No casuist observer could have thought that the nine apparently light-headed and careless party who now wended their way to Blackheath Station, looking as if they were not up to anything in particular, were really an Antiquarian Society of the deepest dye. We got an empty carriage to ourselves, and halfway between Blackheath and the other station Oswald gave the word, and we all put on the spectacles. We had our antiquarian papers of lore and researched history in exercise-books, rolled up and tied with string.

The stationmaster and porter, of each of which the station boasted but one specimen, looked respectfully at us as we got out of the train, and we went straight out of the station, under the railway arch, and down to the green gate of the Red House. It has a lodge, but there is no one in it. We peeped in at the window, and there was nothing in the room but an old beehive and a broken leather strap.

We waited in the front for a bit, so that Mr. Red House could come out and welcome us like Albert's uncle did the other antiquaries, but no one came, so we went round the garden. It was very brown and wet, but full of things you didn't see every day. Furze summer-houses, for instance, and a red wall all round it, with holes in it that you might have walled heretics up in in the olden times. Some of the holes were quite big enough to have taken a very small heretic. There was a broken swing, and a fish-pond—but we were on business, and Oswald insisted on reading the papers.

He said, "Let's go to the sundial. It looks dryer there, my feet are like ice-houses."
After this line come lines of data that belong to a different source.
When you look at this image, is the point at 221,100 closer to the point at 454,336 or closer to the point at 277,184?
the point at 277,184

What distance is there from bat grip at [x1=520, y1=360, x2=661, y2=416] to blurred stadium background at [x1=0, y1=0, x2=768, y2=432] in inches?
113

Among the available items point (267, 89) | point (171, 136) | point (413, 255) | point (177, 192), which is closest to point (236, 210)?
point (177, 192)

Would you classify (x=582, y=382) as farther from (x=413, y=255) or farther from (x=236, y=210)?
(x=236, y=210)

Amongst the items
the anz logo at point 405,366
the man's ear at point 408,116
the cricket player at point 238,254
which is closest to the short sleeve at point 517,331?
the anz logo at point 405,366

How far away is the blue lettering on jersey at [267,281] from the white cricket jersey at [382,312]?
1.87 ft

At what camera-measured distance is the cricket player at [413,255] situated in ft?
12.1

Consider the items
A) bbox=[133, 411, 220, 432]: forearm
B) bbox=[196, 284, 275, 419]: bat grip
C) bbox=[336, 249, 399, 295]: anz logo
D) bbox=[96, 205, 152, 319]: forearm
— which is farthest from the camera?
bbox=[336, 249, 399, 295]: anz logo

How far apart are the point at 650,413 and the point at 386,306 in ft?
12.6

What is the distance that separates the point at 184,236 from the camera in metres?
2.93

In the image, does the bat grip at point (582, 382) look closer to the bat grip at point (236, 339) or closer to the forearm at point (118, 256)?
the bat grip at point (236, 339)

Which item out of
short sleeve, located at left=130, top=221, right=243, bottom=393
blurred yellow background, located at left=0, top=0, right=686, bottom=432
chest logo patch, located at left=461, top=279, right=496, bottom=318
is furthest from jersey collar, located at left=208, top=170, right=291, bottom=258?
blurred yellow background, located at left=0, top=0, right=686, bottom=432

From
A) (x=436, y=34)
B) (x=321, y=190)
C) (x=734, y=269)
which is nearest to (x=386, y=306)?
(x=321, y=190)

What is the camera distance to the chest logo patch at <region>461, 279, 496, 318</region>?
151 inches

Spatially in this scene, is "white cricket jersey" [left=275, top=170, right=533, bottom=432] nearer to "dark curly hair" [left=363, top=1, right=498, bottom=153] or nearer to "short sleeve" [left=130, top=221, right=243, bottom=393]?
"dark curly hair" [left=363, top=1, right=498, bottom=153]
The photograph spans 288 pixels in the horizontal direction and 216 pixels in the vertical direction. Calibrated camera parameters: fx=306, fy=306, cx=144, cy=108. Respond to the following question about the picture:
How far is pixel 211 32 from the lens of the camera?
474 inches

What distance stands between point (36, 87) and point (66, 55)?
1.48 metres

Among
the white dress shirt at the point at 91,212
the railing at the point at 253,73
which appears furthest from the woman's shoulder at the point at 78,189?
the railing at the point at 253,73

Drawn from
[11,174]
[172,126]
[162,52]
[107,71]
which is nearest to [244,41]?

It was dryer because there was a soaking wet green lawn round it, and round that a sloping path made of little squares of red and white marble. This was quite waterless, and the sun shone on it, so that it was warm to the hands, though not to the feet, because of boots. Oswald called on Albert to read first. Albert is not a clever boy. He is not one of us, and Oswald wanted to get over the Constitutions. For Albert is hardly ever amusing, even in fun, and when he tries to show off it is sometimes hard to bear. He read—

"The Constitutions of Clarendon.

"Clarendon (sometimes called Clarence) had only one constitution. It must have been a very bad one, because he was killed by a butt of Malmsey. If he had had more constitutions or better ones he would have lived to be very old. This is a warning to everybody."

To this day none of us know how he could, and whether his uncle helped him.